Comparison often, by its very nature, winds up looking for one thing to be better than the other. In my journey I am trying to disengage from that thinking of hierarchy, of this is better than that, or one is good and the other is bad. I am doing better, but some days I have to be honest, I struggle.
Some things I find myself comparing are outer appearances, such as body shape, size, and weight, I also find myself comparing to others with regards to job, financial status, material items, kids and all things surrounding parenting, marriage,etc.... It can be an endless cycle if I don't keep it in check.
*Used vs. New
*Old vs. Young
*Thin vs. Fat
*Rich vs. Poor
*Light vs. Dark
*Cold vs. Hot
*Tall vs. Short
*Fast vs. Slow
*Big vs. Small
*Working Mom vs. Stay at Home Mom
*Breast vs. Bottle
*Republican vs. Democrat
*Male vs. Female
*Rock vs. Pop
*Heels vs. Sneakers
*Coffee vs. Tea
*Vegan vs. Vegetarian
I mean, it is never-ending!
In comparing we run the risk of either becoming too hard on ourselves, putting ourselves down, even finding a state of self-hatred, or we risk letting our ego get too big and thinking that we have somehow arrived, know more, or are better than someone else. Comparison has the ability to be a very ugly, very damaging practice. And yet, most of us do it daily.
I believe there are times when comparison can be healthy, when it is done from a non-attachment mindset and with the purpose of becoming more aware of one's self. It can be hard to look at two different things and see the beauty and purpose in both if society, religion, or even yourself have told you that one is right and one is wrong, or that one is more desirable than the other.

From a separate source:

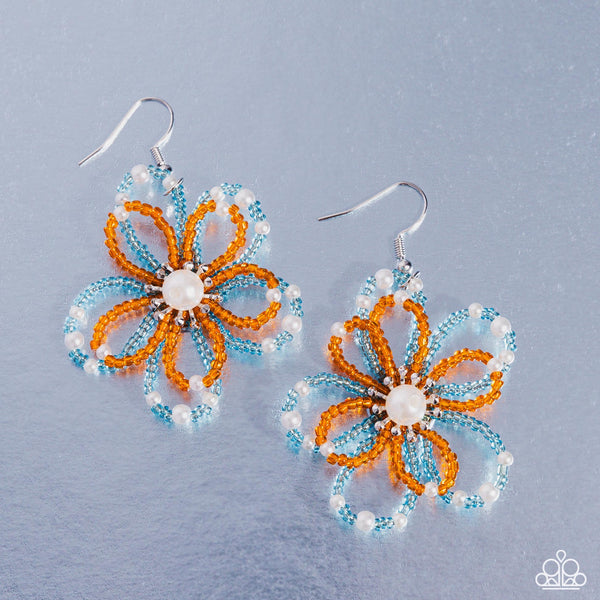 Paparazzi Summer Ice - Orange Necklace and PEARL Crush - Orange Earrings Set
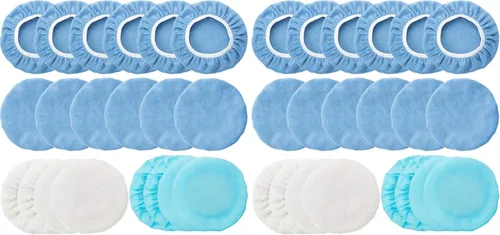 Vista 10 de 20 Piezas Almohadillas Pulidoras Orbitales para Automóvil Capó de Almohadilla de Microfibra Max Capó de Pulido y Abrillantado Cubierta de Azul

In order to combat comparison, I must continue to ask myself the hard questions that go along with learning about myself. Questions such as 'why do you think thinner is better?', 'what is wrong with having wrinkles or grey hairs?', 'do you really think you would be happier if your bank account was bigger?', 'do handstands really make you a better yoga instructor?', 'What difference does it make if their house is newer or bigger or both?', 'were you really better 10 lbs lighter or 10 years younger?', 'Why do you seek other's approval over your own?'. I could go on and on with topics that require me to stop and think about why I am feeling the way I am and why I am comparing in ways that do not matter in the big picture. It is my battle I am waging war against and praying to win.
I am grateful that I am now aware of comparison being my devil. I am grateful I am now able to pause and notice when I am derailing from my intended path of self-love and into the ditch of comparison. But, with awareness comes responsibility. I now also have to take the time needed to evaluate, choose more wisely, and readjust my trajectory. I do this self-adjustment through positive self-talk, journaling, meditating, breath exercises and even more positive, loving-kindness, self-talk.
When I find myself beginning to compare, I am working to find the beauty in both and seeing the differences as making a more beautiful whole. I tell myself "I am okay, good even, I am enough."
Do you struggle with comparison? What tools do you use to let go of or get out of the comparison cycle?